Shikhlinskaya was the daughter of enlightener Huseyn Afandi Gayibov. Having graduated from the Transcaucasian Female College with a gold medal in 1889, she became the first Azerbaijani woman to obtain a higher education. Shikhlinskaya was widowed after the death of Dervish-bek Palavandov of Georgian nobles. On October 27, 1909 she married Colonel and eminent Azerbaijani commander Aliagha Shikhlinski and the couple returned to Tsarskoye Selo.

== The war ==
On August 2, 1914 Nigar followed Shikhlinski to the Guards' Staff of Petersburg Military District. Some time later, Nigar was elected the head of the Ladies' Committee at the Officers' Artillery School. The associated hospital became commonly known as Shikhlinskaya Hospital. Nigar maintained correspondence with her husband in verses, which they dedicated to each other. In his memoirs, Shikhlinski recalls that Nigar wrote letters home for wounded soldiers in two foreign languages (apart from Russian) and was referred to as Mom (Mamasha) by the soldiers. In 1916, Nigar's close relative, Farrukh Gayibov, one of the first combat pilots, died in an air battle. On March 10, 1920 Shikhlinski as Deputy Defense Minister of Azerbaijan Democratic Republic founded the Azerbaijani Red Crescent Society, with Nigar becoming the pioneer nurse there.

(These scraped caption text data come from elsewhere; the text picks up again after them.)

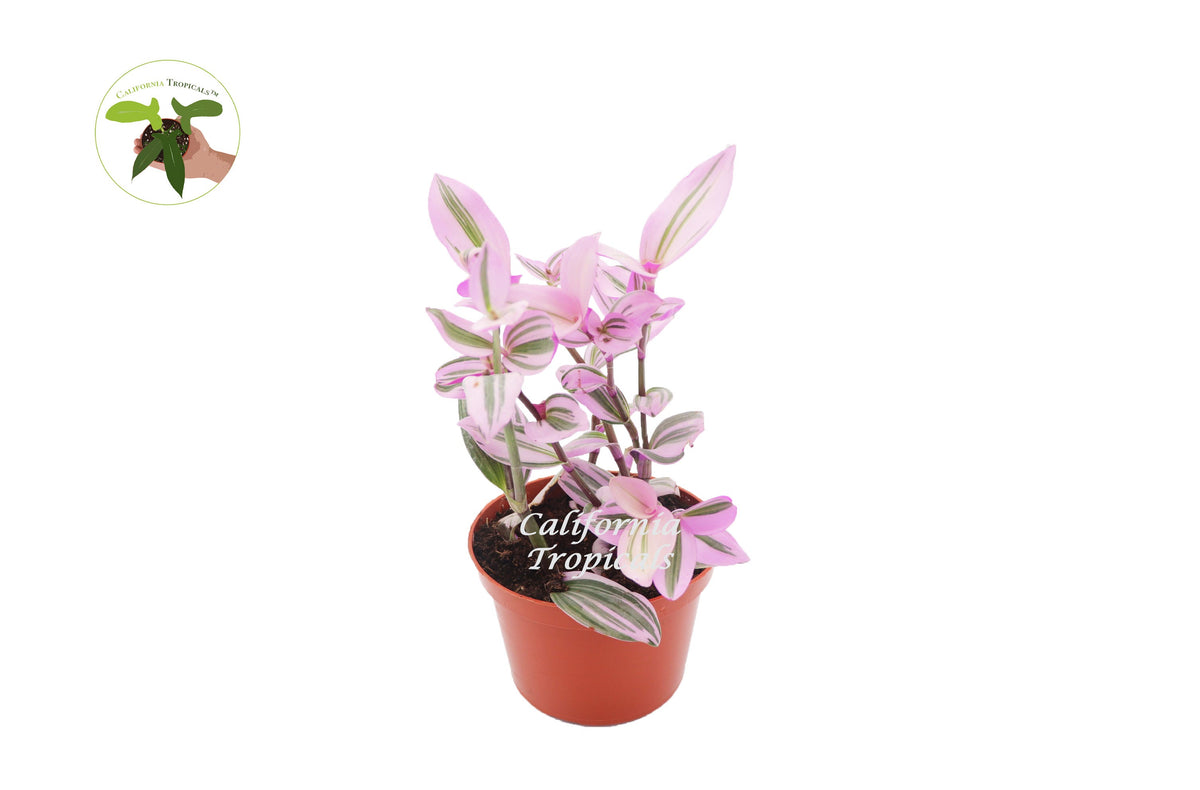 Pink Wandering Jew Nanouk (Tradescantia) live plant in a 6" grower's pot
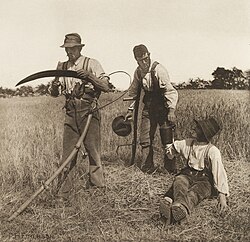 Traditional barley harvest by hand with scythes, England, c. 1886. Photo Peter Henry Emerson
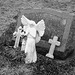 Mountain view cemetery. Saranac lake area.  NY. USA . March 29th 2009 - B & W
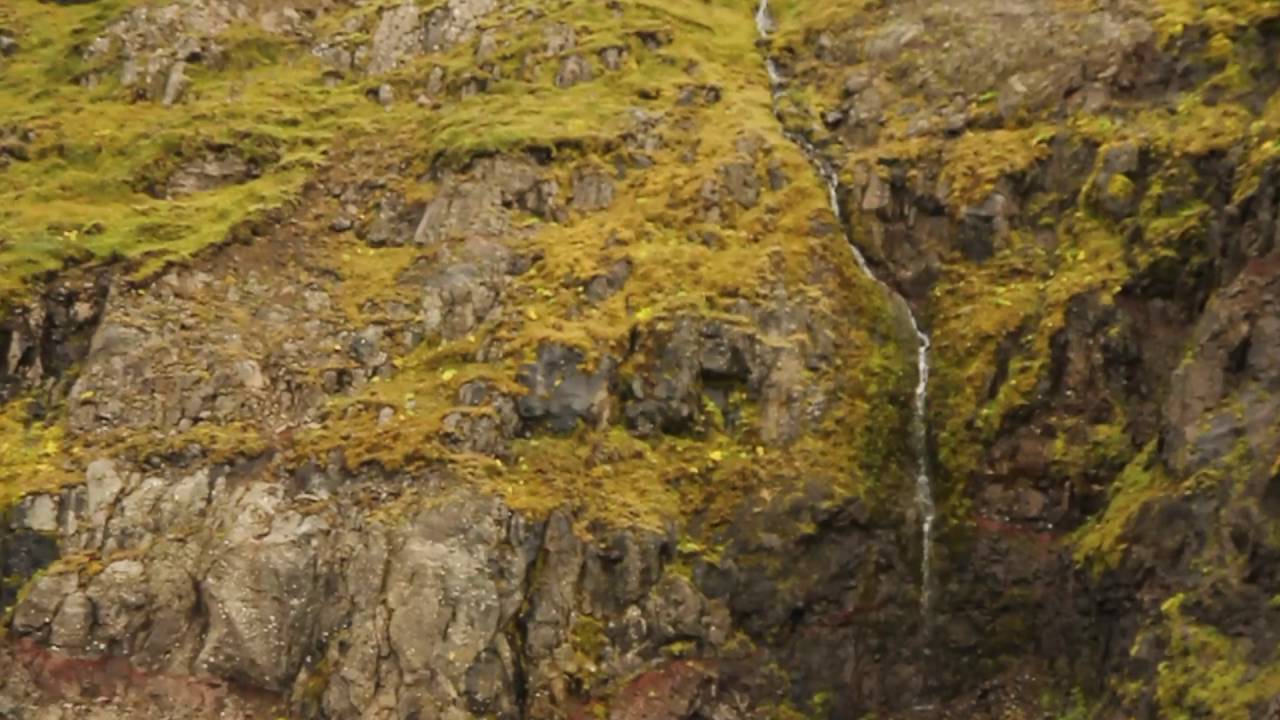 camera iphone 8 plus apk Yellow stone
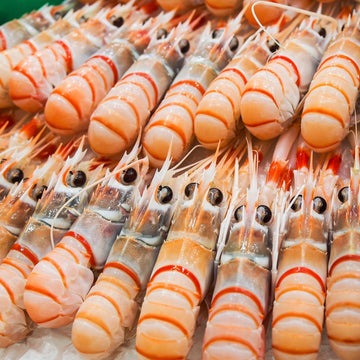 Scampi Grade #2 - 2kg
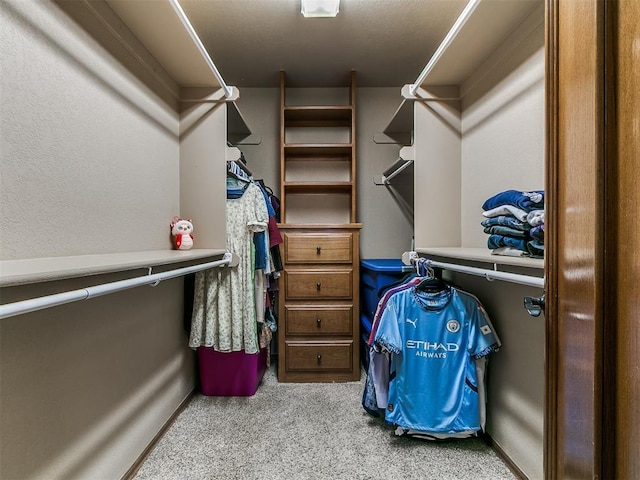 4105 Nailon Dr, Norman, OK 73072 - spacious closet featuring carpet floors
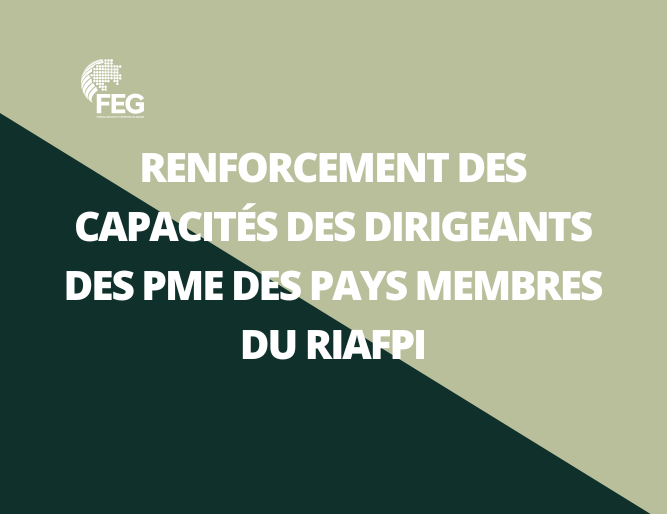 Renforcement des Capacités des Dirigeants des PME des pays membres du RIAFPI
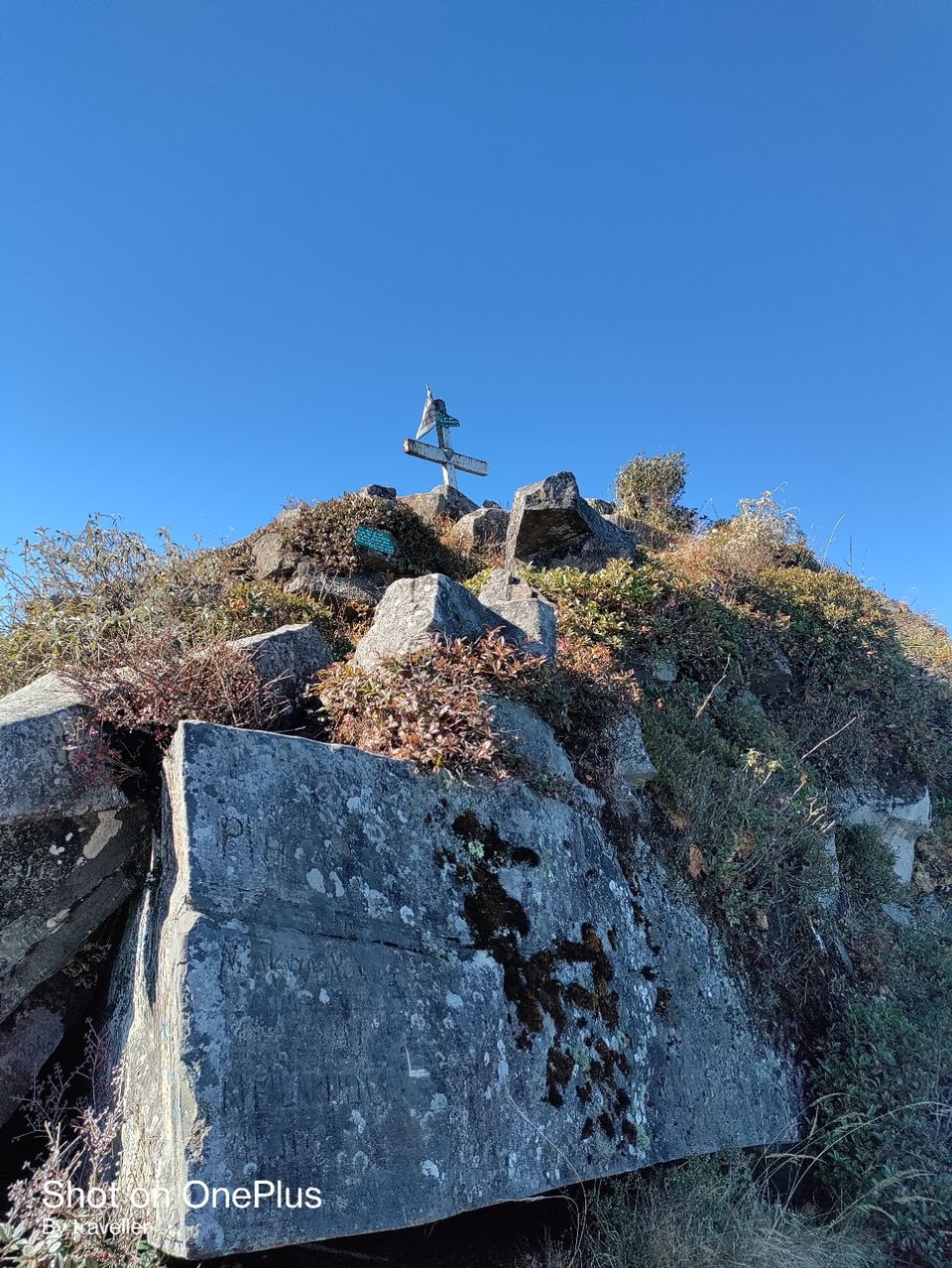 Photo of Japfu peak trek (जाफू पीक ) by Pankaj Mehta Traveller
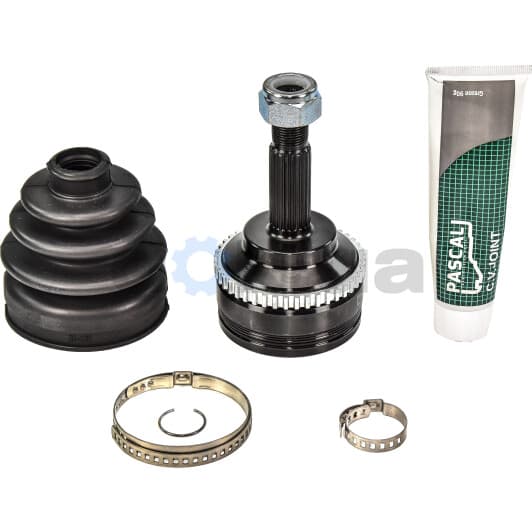 G1R039PC Pascal ШРУС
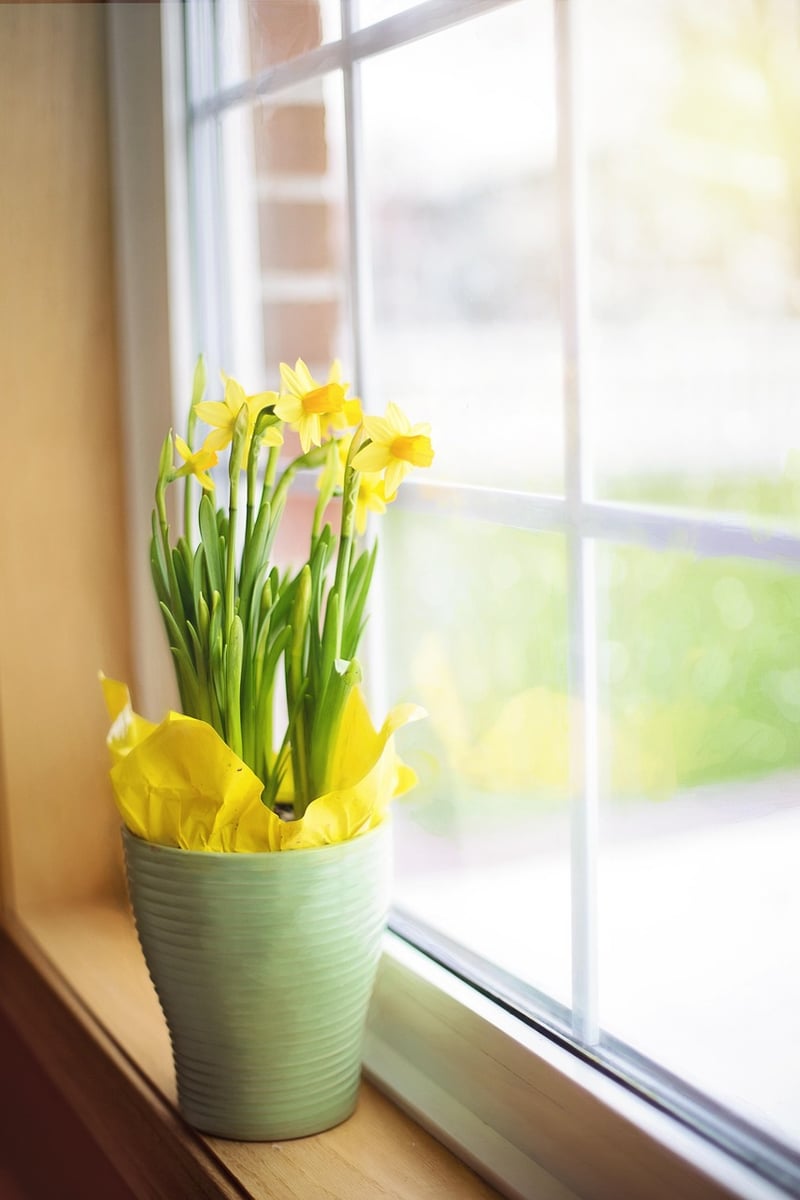 Small-scale Gardening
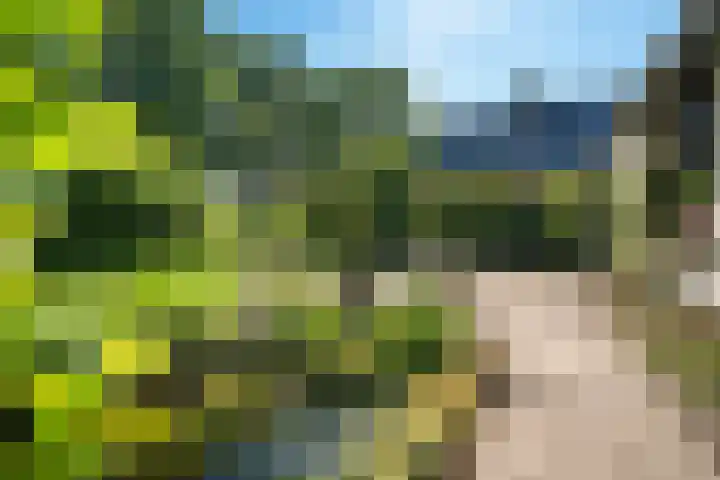 Oude Asserstraat 20 Vries thumbnail 38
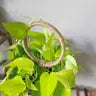 Jute Circle Plant Trellis by Wild Lark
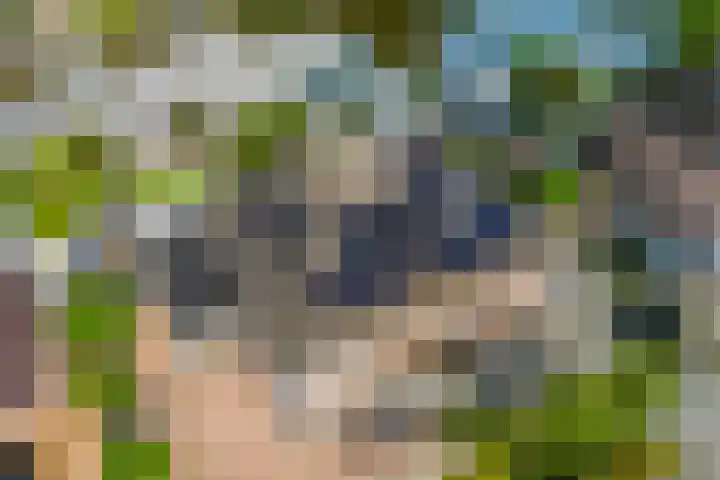 Papegaaiduiker 6 Wildervank thumbnail 51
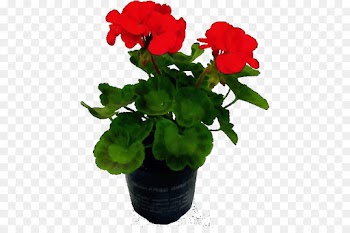 flower flowering plant plant flowerpot petal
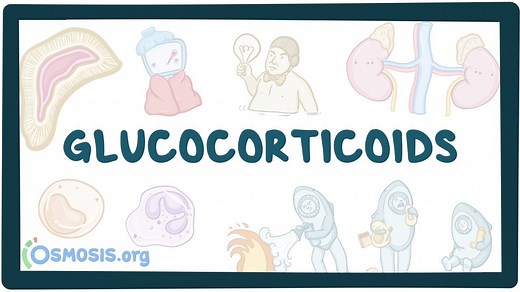 Glucocorticoids: Video, Causes, & Meaning | Osmosis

In his memoirs, Shikhlinski wrote: "The death of my wife... was a fatal blow for me. Everything has gone away with my wife—both happiness and health". His other quote is "count my death date from Nigar's demise". It is uncertain whether or not Shikhlinskaya had any children. In his article "The Life of General Ali Agha Shikhlinski" Lieutenant Colonel and senior scientific employee Shamistan Nazirli of the Azerbaijani Defense Ministry included a photo, made early in the 20th century, where she is said to be with a son.